Four air forces have opted for the A330MRTT to date, and Airbus Military is marketing the tanker worldwide. Current prospects include Brazil, France, India Korea and Singapore. But the big prize of a U.S. Air Force contract eluded the European manufacturer, which lost out to Boeing after two controversial, hotly fought competitions.
The Voyager version for the RAF described in this article can refuel only probe-equipped aircraft. Seven of the Voyagers are equipped with a Cobham 805E centerline fuselage refueling unit (FRU) in the rear lower fuselage, making them three-point tankers; all 14 can carry a Cobham 905E refueling pod under each wing.
The Royal Australian Air Force (RAAF) was the launch customer for the A330MRTT, with an order for five. Its aircraft have the wing refueling pods, plus a refueling boom instead of an FRU. The Airbus-designed boom has encountered development problems, and the RAAF has not yet qualified it for service. The RAAF uses the designation KC-30A for the aircraft.
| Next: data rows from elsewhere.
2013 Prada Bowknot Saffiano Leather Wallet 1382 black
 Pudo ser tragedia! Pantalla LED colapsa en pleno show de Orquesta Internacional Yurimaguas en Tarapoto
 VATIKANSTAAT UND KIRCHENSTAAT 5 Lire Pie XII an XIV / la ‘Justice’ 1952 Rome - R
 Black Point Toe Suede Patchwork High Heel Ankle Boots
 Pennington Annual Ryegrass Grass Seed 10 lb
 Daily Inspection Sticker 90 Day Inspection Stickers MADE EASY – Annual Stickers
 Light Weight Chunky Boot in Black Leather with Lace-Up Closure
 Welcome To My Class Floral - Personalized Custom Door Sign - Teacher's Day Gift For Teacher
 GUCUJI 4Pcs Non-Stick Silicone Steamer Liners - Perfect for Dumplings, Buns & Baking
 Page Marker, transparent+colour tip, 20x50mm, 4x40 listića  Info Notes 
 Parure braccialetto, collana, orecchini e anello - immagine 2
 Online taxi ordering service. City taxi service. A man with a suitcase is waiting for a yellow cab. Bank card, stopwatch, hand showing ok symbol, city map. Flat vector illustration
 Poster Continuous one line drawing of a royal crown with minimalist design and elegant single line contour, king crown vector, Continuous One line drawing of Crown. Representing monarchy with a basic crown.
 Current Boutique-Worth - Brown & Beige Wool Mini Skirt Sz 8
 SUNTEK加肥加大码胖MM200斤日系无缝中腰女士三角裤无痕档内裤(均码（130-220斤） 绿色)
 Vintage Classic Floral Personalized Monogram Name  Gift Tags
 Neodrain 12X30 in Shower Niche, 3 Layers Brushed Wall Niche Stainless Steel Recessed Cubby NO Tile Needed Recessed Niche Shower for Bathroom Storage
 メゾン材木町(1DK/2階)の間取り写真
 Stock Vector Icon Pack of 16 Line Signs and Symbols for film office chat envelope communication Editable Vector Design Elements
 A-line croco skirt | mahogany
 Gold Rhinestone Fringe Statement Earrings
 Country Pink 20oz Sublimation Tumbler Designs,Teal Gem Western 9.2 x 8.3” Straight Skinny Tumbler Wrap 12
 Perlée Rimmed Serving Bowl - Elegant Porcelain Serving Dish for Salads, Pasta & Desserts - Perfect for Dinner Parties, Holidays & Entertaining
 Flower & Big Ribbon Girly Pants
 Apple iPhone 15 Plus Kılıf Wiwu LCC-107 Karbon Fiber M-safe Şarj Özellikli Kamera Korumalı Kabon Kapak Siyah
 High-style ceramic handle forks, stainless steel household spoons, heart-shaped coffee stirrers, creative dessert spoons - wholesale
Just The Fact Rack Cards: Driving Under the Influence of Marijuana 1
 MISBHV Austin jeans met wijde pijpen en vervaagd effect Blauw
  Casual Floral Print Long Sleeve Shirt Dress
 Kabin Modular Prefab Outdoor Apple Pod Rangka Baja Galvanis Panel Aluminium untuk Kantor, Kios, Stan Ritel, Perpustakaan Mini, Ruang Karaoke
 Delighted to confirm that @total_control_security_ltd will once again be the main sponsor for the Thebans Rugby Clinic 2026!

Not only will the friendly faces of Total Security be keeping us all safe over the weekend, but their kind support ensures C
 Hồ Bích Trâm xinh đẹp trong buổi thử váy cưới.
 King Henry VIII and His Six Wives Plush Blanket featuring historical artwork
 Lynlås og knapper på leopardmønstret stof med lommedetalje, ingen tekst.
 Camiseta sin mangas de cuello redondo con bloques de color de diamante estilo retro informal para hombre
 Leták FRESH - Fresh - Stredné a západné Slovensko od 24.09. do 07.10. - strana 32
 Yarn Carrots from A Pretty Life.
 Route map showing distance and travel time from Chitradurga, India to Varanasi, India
The Royal Saudi Air Force (six on order) and the UAE Air Force (three) have both received their first A330MRTTs. They also have the aerial boom refueling system (ARBS) as well as the drogue-equipped wing pods.
The Australian, Saudi and UAE aircraft all have an aerial refueling receptacle above the forward fuselage, allowing the A330MRTT itself to be refueled from other aerial tankers.
The Australian and Saudi aircraft are powered by two GE CF6-80E1 turbofans whereas the British and UAE aircraft have Rolls-Royce Trent 700s.